Cluster Version Operator's Lifecycle
OpenShift's cluster version operator is quite an interesting and important one. In this blog, we are going to talk about how it manages the cluster-version.
Before we move ahead, I expect that you are familiar with the following:
- Worked on OpenShift 4.x clusters with admin privileges.
- Have atleast basic idea about cluster version operator (CVO) and it’s importance in OpenShift 4.x.
- Tried/Observed OpenShift 4.x’s upgrade.
As you are still reading, I believe you’ve met atleast one of the above pre-requisites, or, have a knack for technologies (Lovely!).
➤ Cluster Version Operator (CVO)’s roles & responsibilities
CVO is responsible to manage the lifecycle of default cluster Operators, and to monitor the version consistency throughout the cluster.
I personally use the following command (which fetches the details from CVO) as first confirmation about cluster’s current health:
$ oc get clusterversion
If any of the default cluster operators (installed with OpenShift’s installation) is suffering, or not Available, the above command reports about the same.
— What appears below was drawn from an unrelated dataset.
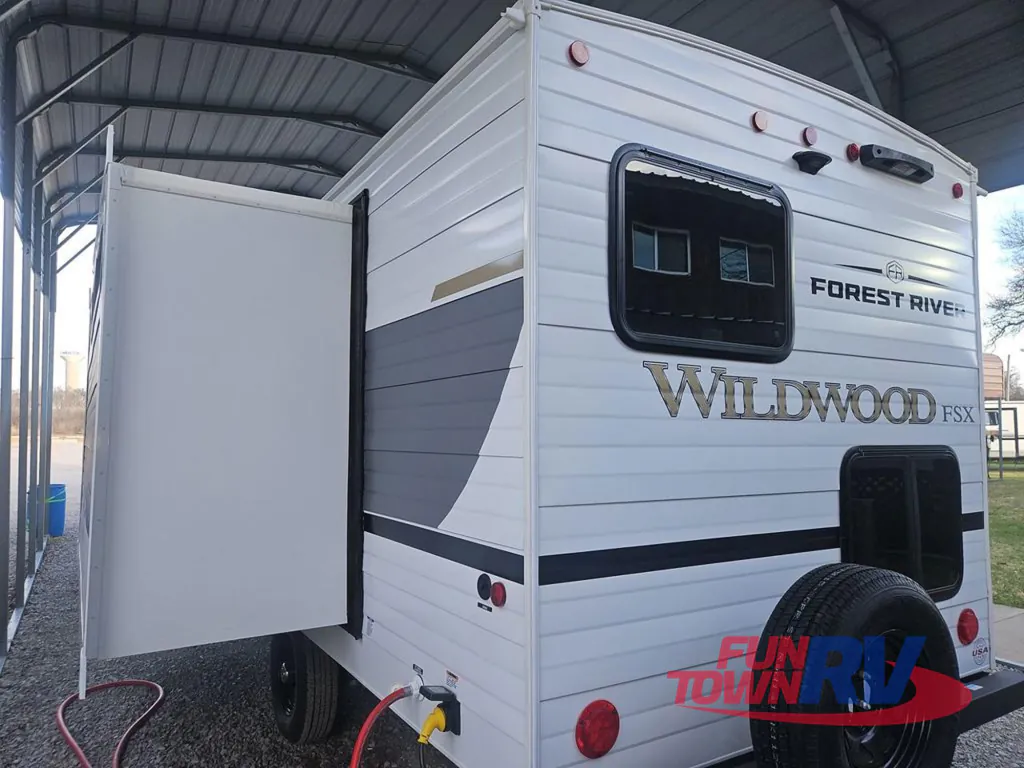 2026 Forest River Wildwood FSX 180ICE, Photos photo 9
In addition to this, CVO periodically checks for valid updates available based on current component versions. Let’s talk about how this is managed in the next section.
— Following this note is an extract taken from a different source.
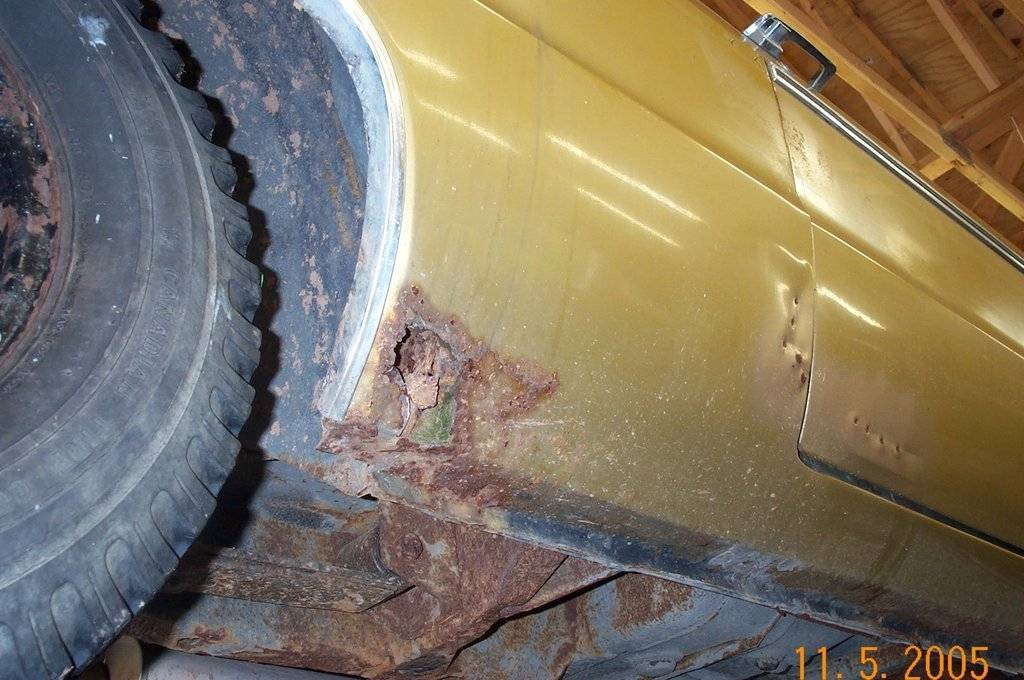 Gold Rt Rear Qtr.jpg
➤ CVO checks for available updates
Fortunately, upstream contributors are really helpful to document such exciting topics, and one such example is the documentation maintained by Cincinnati in OpenShift about CVO’s update-check cycle.
Here’s a flow chart that could help in understanding the complete flow quickly (ref: Cincinnati in OpenShift).
The above helps us to understand the sequence of events, but once I understood this, I was quite curious to know for exactly how long the CVO sleeps before checking for update on upstream again?
To find answer of this, I took a dive into the codebase.
➤ CVO sleeps for minResyncPeriod
With the start of CVO container, we initialize the controllers and attempt to load the payload information using NewControllerContext(). The NewControllerContext()
initializes the default context and while doing so, it passes resyncPeriod(o.ResyncInterval)()
as the minimumUpdateCheckInterval (i.e. the minimum duration to check for updates from the upstream).
The value of resyncPeriod(o.ResyncInterval)()
is determined using a constant minResyncPeriod, which is set to ‘2 Minutes’.
const (
...
minResyncPeriod = 2 * time.Minute
)
...
func NewOptions() *Options {
return &Options{
...
ResyncInterval: minResyncPeriod,
...
}
}
...
func (o *Options) NewControllerContext(cb *ClientBuilder, startingFeatureSet string) *Context {
...
CVO: cvo.New(
...
resyncPeriod(o.ResyncInterval)(),
...
)
...
}
So, by default, the minimum reconcile period for CVO is 2 minutes.
Now, if we revisit the flow chart, CVO sleeps for 2 minutes before checking with upstream again, when any of the following occurs:
- No new update available, or,
- Invalid image is downloaded, or,
- All the operators have finally updated to the
desiredVersion
.
I hope this blog helps you with a quick overview of OpenShift’s Cluster version Operator’s role during the update process. In case any of the point is confusing, or seems “odd one out”, I’d love to know hear about it :D.